"""

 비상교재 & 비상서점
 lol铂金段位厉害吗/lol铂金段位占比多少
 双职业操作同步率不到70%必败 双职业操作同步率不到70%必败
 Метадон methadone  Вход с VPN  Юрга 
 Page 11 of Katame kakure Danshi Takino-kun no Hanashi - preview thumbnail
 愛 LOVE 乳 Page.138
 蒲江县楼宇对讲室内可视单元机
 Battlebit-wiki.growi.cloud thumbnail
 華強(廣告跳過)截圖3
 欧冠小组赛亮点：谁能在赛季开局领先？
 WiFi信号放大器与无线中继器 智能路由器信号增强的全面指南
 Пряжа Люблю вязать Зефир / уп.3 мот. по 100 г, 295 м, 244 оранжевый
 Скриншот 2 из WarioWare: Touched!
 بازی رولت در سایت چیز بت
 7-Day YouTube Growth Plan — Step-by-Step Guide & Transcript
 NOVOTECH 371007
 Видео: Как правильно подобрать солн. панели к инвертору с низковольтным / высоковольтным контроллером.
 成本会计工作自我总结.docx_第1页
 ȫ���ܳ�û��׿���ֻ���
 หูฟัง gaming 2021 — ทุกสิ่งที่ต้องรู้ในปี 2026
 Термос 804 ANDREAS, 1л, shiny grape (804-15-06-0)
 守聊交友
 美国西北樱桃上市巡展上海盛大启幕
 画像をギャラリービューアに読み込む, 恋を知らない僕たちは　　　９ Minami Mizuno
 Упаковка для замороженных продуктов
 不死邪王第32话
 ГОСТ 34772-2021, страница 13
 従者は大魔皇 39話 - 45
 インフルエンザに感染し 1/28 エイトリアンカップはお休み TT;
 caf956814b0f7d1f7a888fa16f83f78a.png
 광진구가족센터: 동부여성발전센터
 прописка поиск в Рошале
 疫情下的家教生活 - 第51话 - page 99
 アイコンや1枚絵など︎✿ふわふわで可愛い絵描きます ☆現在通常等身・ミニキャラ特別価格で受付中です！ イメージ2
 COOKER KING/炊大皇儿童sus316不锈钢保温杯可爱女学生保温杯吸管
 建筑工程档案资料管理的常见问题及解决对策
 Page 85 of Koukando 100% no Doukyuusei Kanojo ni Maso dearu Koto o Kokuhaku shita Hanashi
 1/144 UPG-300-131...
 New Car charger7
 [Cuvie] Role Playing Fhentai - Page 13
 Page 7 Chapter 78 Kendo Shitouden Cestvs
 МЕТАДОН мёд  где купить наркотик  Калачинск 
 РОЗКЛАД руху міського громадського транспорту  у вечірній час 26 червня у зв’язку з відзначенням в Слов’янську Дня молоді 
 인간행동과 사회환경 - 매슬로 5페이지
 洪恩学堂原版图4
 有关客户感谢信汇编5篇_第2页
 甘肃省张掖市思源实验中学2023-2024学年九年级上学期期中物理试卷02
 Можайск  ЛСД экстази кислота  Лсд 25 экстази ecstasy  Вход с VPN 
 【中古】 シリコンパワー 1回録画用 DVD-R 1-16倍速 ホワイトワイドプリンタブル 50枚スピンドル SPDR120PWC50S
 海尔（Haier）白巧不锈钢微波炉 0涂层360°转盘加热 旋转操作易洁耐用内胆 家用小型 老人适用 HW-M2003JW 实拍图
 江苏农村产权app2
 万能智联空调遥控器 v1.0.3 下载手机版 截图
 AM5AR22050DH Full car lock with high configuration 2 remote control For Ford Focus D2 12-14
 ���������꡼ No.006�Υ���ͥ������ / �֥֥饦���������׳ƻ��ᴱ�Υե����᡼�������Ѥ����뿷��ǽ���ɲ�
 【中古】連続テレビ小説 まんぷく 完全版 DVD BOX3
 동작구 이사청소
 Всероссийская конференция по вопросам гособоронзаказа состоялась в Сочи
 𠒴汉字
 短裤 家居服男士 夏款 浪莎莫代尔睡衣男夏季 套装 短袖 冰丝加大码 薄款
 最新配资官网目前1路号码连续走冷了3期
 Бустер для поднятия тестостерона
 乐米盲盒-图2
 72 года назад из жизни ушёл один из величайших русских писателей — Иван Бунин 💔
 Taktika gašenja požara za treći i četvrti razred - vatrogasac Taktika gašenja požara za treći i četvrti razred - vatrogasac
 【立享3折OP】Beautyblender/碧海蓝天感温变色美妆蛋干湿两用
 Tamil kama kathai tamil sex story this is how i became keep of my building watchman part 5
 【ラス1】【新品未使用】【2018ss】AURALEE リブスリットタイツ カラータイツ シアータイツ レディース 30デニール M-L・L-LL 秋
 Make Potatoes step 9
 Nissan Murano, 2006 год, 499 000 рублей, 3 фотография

"""

TASK INSTRUCTIONS >> Copy out, in full, each line above that has the word "thumbnail" in it.

RESPONSE TO THIS EXERCISE >>
 Page 11 of Katame kakure Danshi Takino-kun no Hanashi - preview thumbnail
 Battlebit-wiki.growi.cloud thumbnail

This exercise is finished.